徳川家康が1615年に本阿弥光悦に与えた地が鷹峯です。
京都北部にあるこの鷹峯は、当時、未開発で物騒な土地でした。そこに光悦の一族や様々な工芸の職人らが移り住み、一大芸術村として栄えたのです。
光悦は日蓮宗の熱心な信者でした。没後、彼の住屋は光悦寺として生まれかえり、今に続きます。

(↑)同じく参道を2020年1月撮影

本阿弥光悦(1558-1637)は京都生まれ。刀剣の磨研・浄拭・鑑定を家職とする名家の出身。
マルチ分野で才能を発揮した「美の天才」。蒔絵、陶芸、茶道、書道、作庭など多分野において優れた芸術作品を生み出しました。俵屋宗達を見出したのも彼です。光悦無くしては「琳派」も存在しなかったでしょう。

2019年9月撮影

2020年1月撮影

光悦寺は伽藍内は入れません。回遊式の庭園には茶室が複数点在します。
お寺を参拝するというより、趣味の良い庭園を散策する感じです。
とても静かで神聖で、心が洗われるようなのは、参拝と同じです。

「光悦垣」です。Kyoto Design ホームページより引用

光悦寺にあるこの竹垣は、光悦が晩年を過ごしたといわれる大虚庵の路地と光悦寺の境内を仕切っています。
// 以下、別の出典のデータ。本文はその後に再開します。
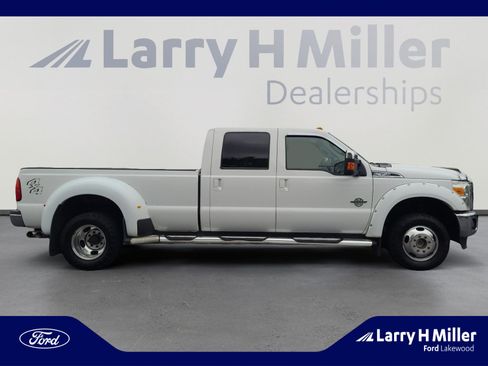 Used 2015 Ford F350 Lariat w/ Lariat Ultimate Package image 6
矢来風に菱に組んだ組子の天端を割竹で巻いて玉縁とした光悦寺独特の垣、垣根の高さは親柱からなだらかなカーブを描き端部が低くなっています。

平面的な部分と立体的な部分の調和がとれた光悦好みのこの竹垣は、現在ではさまざま場所で見ることができます。

2019年9月撮影

散策していると突然視界が開けます。鷹ヶ峰、鷲ヶ峰(わしがみね)、天ヶ峰(てんがみね)、総称して鷹峰三山を臨むことができます。
後方に茶室があります。その軒下で、何もせずぼ~と座っていました。贅沢すぎる時間です。

 

続いて常照寺です。光悦寺から歩いて五分くらいでしょうか。

(↑)吉野の赤門

常照寺は本阿弥光悦が土地を寄進して開創された日蓮宗の寺院です。
何といっても、(2代目)吉野太夫との繋がりで有名です。
上の朱塗りの山門は、吉野太夫が23歳の時に寄進したものです。

(↑)鬼子母尊神堂 朱色の灯篭が何とも女性的です

吉野太夫は京都島原で遊女をしていた実在の人物。太夫は遊女の最高位で、高い教養と諸芸に優れた才色兼備の女性でないと到達できない地位でした。吉野太夫は、当時の上級文化人の嗜みを全て身に着けた「スーパー女性」だったのでしょう。お客の方も、嗜みのない「田舎者」はいくらお金を積んでも(太夫に)相手にもされなかったそうです。京都のことだから「いけず」に断ったのでしょうね。情景が目に浮かびそうです。

(↑)境内「白馬池」2019年9月撮影

吉野太夫の美しさ、素晴らしさは遠く明(当時の中国)にも知れ渡ったそうです。明国から彼女にラブレター(!)が届いたと伝えられます。

そういう吉野太夫ですから、男たちが競って見受けをしようとしました。勝者は豪商かつ当時有数の文化人といわれた灰屋紹益(はいやじょうえき)。しかし紹益の親に反対され、二人は駆け落ちをしたそうな。太夫は38才で没し常照寺に葬られました。

白馬観音。手に法華経を持ち(珍しく)白馬に乗った観音様です。吉野太夫は菩薩となり馬に乗って、今でも天地を行き来しているのかな。